In a small relief to the mutual fund industry, Finance Minister Arun Jaitley today announced that the increased tax rate of 20 per cent on debt MFs will not apply on units sold between April 1 and July 10.
Units of the debt-oriented MFs sold after July 10 will, however, attract 20 per cent capital gains tax as against 10 per cent earlier.
"I propose to move a government amendment today in the Finance Bill itself that the new tax regime will not be applicable to transaction of sale of units (of debt MFs) which have taken between April 1 and July 10 this year," the Minister said.
Replying to a discussion on the Finance Bill in the Lok Sabha, Jaitley said that he had decided to end concessional rate of taxation of 10 per cent on debt mutual funds in his budget as it was being mostly used by corproates for "abritrage".

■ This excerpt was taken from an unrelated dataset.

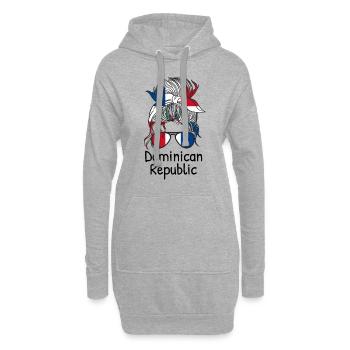Drapeau de la République dominicaine Dom Rep Flag Tour - Sweat-shirt à capuche long Femme - gris chiné - Devant
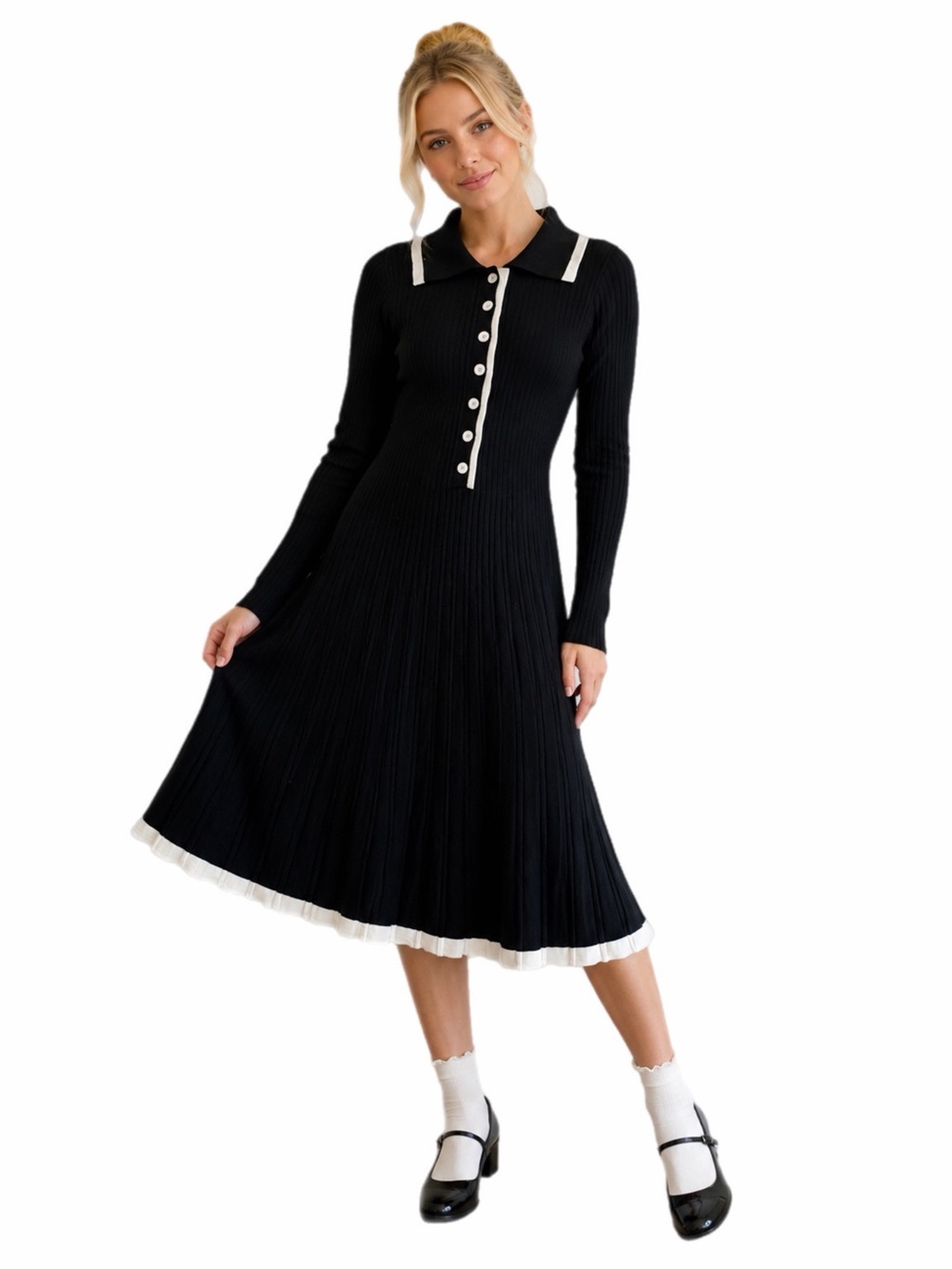 Merokeety Chunky Rib Knit Preppy Sweater Dress (Black/White) Size Small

During the debate, a number of members had raised the issue of new tax regime on MFs saying that on one hand the government was opposed to retrospective taxation and on the other hand it imposed it on debt mutual funds. The Finance Bill was later passed by Lok Sabha, completing the budgetary exercise in the lower house.
In his budget proposals, unveiled on July 10, Jaitley had proposed raising long-term capital gains tax on debt-oriented mutual funds to 20 per cent from 10 per cent, to bring parity with banks and other debt instruments.
He also proposed increasing the period of holding in respect of long-term debt funds units from 12 months to 36 months. The mutual fund industry said the concession will provide only a "marginal relief and will not be of much help to the sector.